Let me tell you, the results were surprising! I have it in the fridge for a whole week and we use it with LITERALLY everything.

For breakfast with toasters, I spread it on fruits and on bread, for a snack with apple, apricot, today I put it in my oatmeal, the other day in ice cream… the options are endless! I once even used it as a frosting on chocolate muffins! Yum, yum!

You can use it in a million different nutritional combinations.

It is special because it is creamy enough, but with a slight sweet and chocolate note.

It turned out super smooth and creamy and chocolaty that everyone who tried it said it is definitely better than nutella!
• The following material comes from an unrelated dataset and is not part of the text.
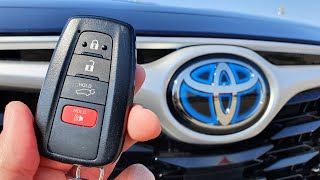 How to Check If your Toyota Has a Remote Starter [upl. by Aidnac]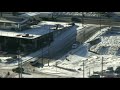 Cars Sliding Down Icy Hill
Homemade Chocolate Almond Spread

Ingredients

  • 2 1/2 cup raw almonds
  • 10 medjool dates, pitted
  • 1 tbsp cacao powder
  • 1 tbsp honey
  • 1/2 cup oat milk (plus 1-2 tbsp if too thick)

Instructions

  • Put the almonds in the oven on 350 degrees F, for a couple of minutes to bake just a little bit. When they cool down a bit, put them in the blender with all the other ingredients and blend. If the blender gets stuck somewhere, feel free to add some more oat milk, but not too much.
  • Transfer your chocolate almond spread in a glass jar with a lid and store in the fridge for up to 10 days.

What do you think of this chocolate almond spread? I challenge you to give it a try and see what I’m talking about!